The majority of students in Livingstone's mission prep classes are boys, but he said more girls indicated they have plans to serve a mission now. "This 19-year-old change for women may have a greater impact than we might think," he said.
It is certainly having an impact on young women already, including Erica Pitts, a 20-year-old at Utah State University, who is ready to serve as soon as she can.
"I have always been interested in serving a mission and was going to serve at 21," Pitts said. "My whole plan was staying (in school) a year, but now I'm switching that and selling my apartment contract, and will go back home (at the end of the semester) and start to work on going on a mission as soon as possible."
Pitts has already made an appointment with her bishop and is starting to read the missionary manual "Preach My Gospel" to prepare.

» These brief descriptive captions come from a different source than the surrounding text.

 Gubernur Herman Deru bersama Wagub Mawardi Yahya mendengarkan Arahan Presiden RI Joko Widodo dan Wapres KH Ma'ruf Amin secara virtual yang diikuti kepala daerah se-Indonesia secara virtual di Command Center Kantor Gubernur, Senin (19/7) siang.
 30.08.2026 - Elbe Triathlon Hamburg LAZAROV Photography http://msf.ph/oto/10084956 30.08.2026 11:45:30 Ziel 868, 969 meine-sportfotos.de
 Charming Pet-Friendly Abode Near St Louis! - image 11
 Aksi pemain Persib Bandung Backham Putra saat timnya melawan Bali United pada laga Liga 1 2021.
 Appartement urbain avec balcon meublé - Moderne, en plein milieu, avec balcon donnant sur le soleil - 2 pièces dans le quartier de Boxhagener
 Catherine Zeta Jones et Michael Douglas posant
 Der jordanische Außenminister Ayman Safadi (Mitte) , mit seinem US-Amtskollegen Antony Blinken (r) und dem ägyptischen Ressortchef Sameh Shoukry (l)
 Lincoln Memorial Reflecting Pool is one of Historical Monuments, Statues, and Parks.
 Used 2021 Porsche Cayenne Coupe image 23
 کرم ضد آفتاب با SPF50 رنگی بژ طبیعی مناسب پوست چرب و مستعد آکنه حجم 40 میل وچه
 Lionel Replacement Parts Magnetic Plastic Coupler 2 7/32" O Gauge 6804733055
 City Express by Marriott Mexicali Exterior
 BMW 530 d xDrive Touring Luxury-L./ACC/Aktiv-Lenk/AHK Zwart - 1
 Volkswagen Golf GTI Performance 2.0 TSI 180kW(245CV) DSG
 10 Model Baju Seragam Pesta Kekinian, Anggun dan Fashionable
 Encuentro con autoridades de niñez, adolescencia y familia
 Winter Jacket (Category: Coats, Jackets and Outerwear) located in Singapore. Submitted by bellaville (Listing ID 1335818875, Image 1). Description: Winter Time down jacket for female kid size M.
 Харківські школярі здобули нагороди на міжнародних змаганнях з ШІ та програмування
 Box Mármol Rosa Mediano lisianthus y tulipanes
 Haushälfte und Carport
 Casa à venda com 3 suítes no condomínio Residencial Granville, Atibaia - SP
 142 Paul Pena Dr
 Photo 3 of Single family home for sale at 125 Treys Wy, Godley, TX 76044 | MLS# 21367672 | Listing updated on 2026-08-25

"I think it's a huge thing and I'm excited to be a part of it, to go early," Pitts said. "The amount of missionaries to go out will skyrocket, with a lot of girl missionaries serving."
Carey Wasden, a bishop of a young single adult ward at BYU-Hawaii, had a much different weekend than he expected after the announcement was made.
"Between the Sunday sessions we always get some guys together and take cinnamon rolls to sisters in the ward, and when we went out the sisters were all over us to set up appointments," Wasden said. "During the session I got 12 emails, 12 sisters wanting meetings with us for mission papers."
In his ward, Wasden knows of 10 sisters who have just been waiting for their 21st birthdays to put in their papers. None of the 12 who contacted him over the weekend was amongst those 10.
"I have to clear all mission papers with home wards; I've been on the phone all evening with bishops, and they've said they (those girls) are not the only ones they've talked to," Wasden said.
President Monson's announcement clearly sparked a sense of excitement and made the work of missionaries even more urgent, Wasden said. He also believes it will help young people, young men especially, carry their momentum from high school seminary classes out into the mission field.
"It's going to be interesting for college," Wasden said. "From campuses to mission fields, it's going to change the patterns of who's in school and who is not."
Jenessa Nielsen, 19, attended the conference session where President Monson made the announcement with her best friends. Afterwards the friends looked at each other and knew they would be going on missions soon.
"I feel like my whole life has been changed, this has changed everything," Nielsen said. "I'm hoping to go out in May or June, right after school gets out, I just want to get out there."
The feeling was contagious. So was the feeling of being part of something so many are considering special, which Moore related to his family.
"He made the comment a little while into the meeting," his mother Melissa said. "'I'm so grateful as a family we got to watch conference and that we got to hear that. We actually heard the prophet announce it. For him he knew that it was an exciting moment … to actually be in the group to benefit from it."